The airlines were expected to make the changes by the end of the day in China on Wednesday.
“We have told China that the United States strongly objects to China’s attempts to compel private firms to use specific language of a political nature in their publicly available content. We continue to seek to address this issue,” a U.S. embassy spokesman said.
It was unclear how China might punish airlines that do not comply, but in December it added a clause to rules governing foreign airlines in the country, saying regulators could change a company’s permit if it did not meet “the demand of public interest”.
Taiwan is China’s most sensitive territorial issue. Beijing considers the democratic island a wayward province of “one China”. Hong Kong and Macau are former European colonies that are now part of China but run largely autonomously.
“The ‘one China’ principle brooks no negotiations or consultations,” Chinese Foreign Ministry spokesman Geng Shuang told a regular news briefing on Tuesday.
“We hope the U.S. government urges relevant companies to strictly abide by the ‘one China’ principle and make changes to their websites as soon as possible,” Geng said, adding that the deadline was fast approaching and everyone should “wait and see” what would happen.

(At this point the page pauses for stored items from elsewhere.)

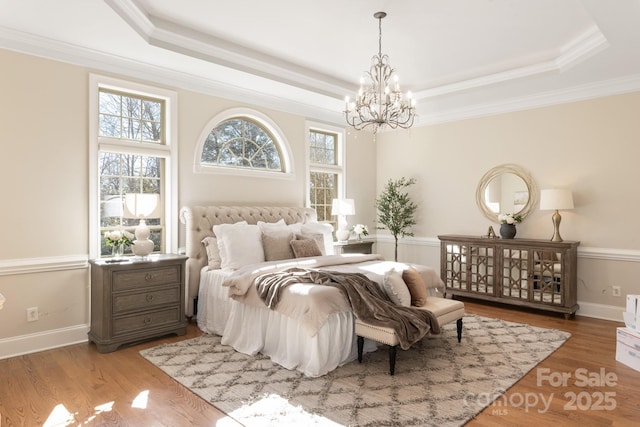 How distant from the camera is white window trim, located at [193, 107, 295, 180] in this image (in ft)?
16.1

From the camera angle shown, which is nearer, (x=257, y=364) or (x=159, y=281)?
(x=257, y=364)

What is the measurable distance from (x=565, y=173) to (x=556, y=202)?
1.90ft

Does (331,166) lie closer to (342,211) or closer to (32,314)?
(342,211)

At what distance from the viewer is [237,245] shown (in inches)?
172

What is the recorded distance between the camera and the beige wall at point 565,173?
15.8 feet

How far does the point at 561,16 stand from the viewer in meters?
3.67

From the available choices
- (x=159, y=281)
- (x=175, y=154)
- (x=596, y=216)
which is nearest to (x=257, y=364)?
(x=159, y=281)

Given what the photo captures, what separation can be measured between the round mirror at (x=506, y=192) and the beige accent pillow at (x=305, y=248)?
2.80 m

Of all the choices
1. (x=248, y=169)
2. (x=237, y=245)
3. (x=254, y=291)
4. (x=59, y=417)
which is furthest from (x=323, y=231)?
(x=59, y=417)

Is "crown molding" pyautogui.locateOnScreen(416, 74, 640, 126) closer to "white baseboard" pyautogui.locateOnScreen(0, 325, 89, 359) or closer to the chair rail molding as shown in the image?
the chair rail molding

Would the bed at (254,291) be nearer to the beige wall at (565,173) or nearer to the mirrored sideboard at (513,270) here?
the mirrored sideboard at (513,270)

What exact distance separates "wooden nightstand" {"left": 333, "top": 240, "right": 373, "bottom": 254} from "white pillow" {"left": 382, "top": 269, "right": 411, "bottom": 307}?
8.55 feet

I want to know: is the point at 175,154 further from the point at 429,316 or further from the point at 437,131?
the point at 437,131

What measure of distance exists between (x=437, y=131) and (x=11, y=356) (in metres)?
6.14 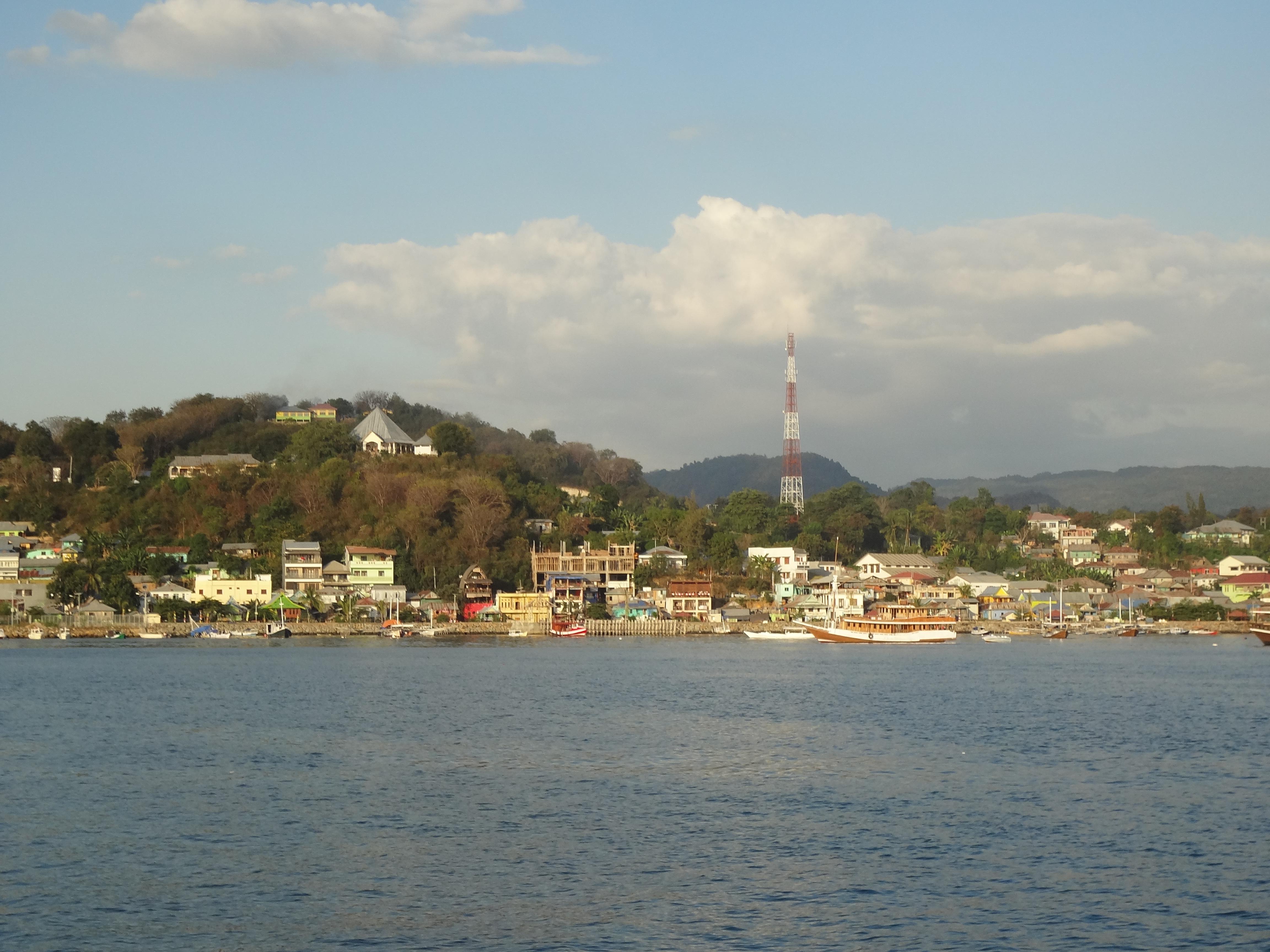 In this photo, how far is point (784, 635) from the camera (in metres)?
87.4

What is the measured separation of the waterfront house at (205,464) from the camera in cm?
10556

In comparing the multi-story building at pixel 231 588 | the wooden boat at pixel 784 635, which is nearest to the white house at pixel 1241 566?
the wooden boat at pixel 784 635

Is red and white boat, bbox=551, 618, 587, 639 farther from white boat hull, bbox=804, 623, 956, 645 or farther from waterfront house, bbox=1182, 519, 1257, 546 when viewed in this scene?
waterfront house, bbox=1182, 519, 1257, 546

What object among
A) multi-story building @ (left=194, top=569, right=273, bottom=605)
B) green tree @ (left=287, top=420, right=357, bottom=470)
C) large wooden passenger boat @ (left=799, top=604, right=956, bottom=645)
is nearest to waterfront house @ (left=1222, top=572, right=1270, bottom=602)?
large wooden passenger boat @ (left=799, top=604, right=956, bottom=645)

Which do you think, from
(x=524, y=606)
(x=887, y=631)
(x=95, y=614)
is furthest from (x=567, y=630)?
(x=95, y=614)

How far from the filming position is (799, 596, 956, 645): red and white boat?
82812mm

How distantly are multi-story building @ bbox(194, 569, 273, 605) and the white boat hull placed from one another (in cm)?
3909

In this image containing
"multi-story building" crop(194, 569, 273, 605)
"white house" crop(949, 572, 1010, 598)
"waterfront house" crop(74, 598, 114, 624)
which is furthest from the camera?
"white house" crop(949, 572, 1010, 598)

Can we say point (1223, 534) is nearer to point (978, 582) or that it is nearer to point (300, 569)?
point (978, 582)

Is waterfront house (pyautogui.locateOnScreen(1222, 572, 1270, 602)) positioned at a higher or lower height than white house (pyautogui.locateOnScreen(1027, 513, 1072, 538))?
lower

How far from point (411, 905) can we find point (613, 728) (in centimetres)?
1773

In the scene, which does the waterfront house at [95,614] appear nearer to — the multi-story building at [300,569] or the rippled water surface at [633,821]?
the multi-story building at [300,569]

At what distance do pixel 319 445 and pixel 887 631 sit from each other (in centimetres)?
5218

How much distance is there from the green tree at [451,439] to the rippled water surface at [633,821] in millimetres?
71439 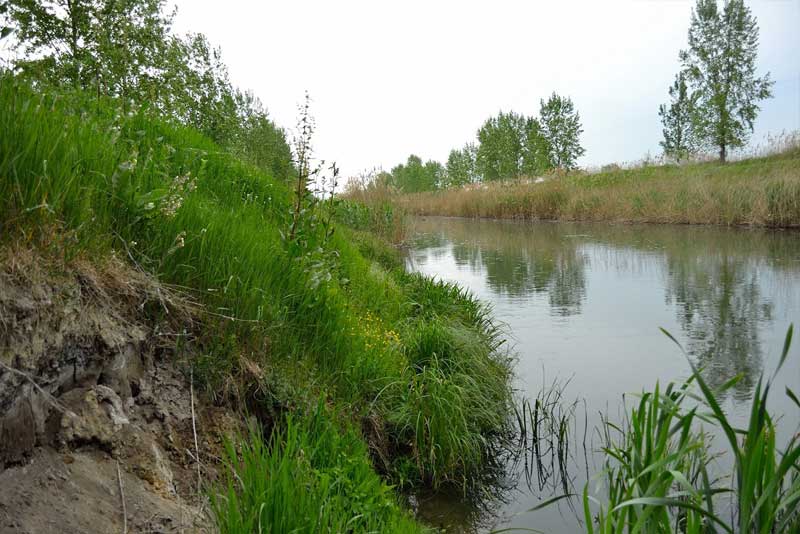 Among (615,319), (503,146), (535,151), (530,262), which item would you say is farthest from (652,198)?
(503,146)

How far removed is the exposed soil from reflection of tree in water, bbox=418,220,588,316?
22.1ft

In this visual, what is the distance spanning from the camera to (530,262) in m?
13.1

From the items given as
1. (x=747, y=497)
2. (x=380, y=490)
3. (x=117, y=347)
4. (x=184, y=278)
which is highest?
(x=184, y=278)

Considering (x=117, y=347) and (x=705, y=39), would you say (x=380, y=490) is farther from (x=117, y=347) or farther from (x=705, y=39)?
(x=705, y=39)

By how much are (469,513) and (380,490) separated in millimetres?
957

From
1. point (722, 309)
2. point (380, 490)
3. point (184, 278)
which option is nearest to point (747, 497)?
point (380, 490)

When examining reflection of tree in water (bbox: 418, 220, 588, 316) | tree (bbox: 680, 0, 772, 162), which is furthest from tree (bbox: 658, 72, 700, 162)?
reflection of tree in water (bbox: 418, 220, 588, 316)

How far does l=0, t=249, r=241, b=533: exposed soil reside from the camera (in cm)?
162

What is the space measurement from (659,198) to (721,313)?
14287 millimetres

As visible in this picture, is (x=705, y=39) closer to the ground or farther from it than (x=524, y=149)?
farther from it

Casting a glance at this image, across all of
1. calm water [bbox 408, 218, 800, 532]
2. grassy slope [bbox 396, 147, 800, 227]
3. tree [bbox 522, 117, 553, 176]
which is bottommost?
calm water [bbox 408, 218, 800, 532]

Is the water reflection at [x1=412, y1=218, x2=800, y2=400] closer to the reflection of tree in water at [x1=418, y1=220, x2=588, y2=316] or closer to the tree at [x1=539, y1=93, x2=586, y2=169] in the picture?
the reflection of tree in water at [x1=418, y1=220, x2=588, y2=316]

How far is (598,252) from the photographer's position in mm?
14094

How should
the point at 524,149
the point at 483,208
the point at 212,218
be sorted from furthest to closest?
1. the point at 524,149
2. the point at 483,208
3. the point at 212,218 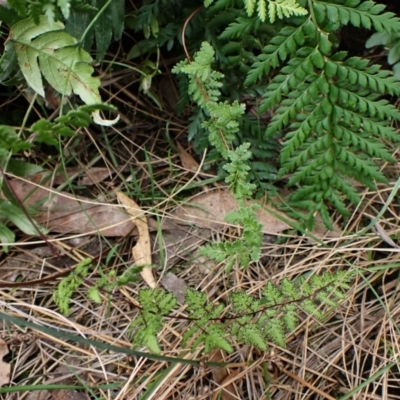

Armed by the United States, Taiwan has always been a major source of tension between Beijing and Washington, but it has been an increasingly contentious issue since U.S President Donald Trump took office.
In May, the White House said in a statement that Trump “will stand up for Americans resisting efforts by the Chinese Communist Party to impose Chinese political correctness on American companies and citizens”.
The statement added that “this is Orwellian nonsense and part of a growing trend by the Chinese Communist Party to impose its political views on American citizens and private companies”.
Taiwan’s Foreign Ministry had said that it is grateful to the efforts of like-minded countries that have chosen to “take a stand against Chinese bullying of private enterprises”.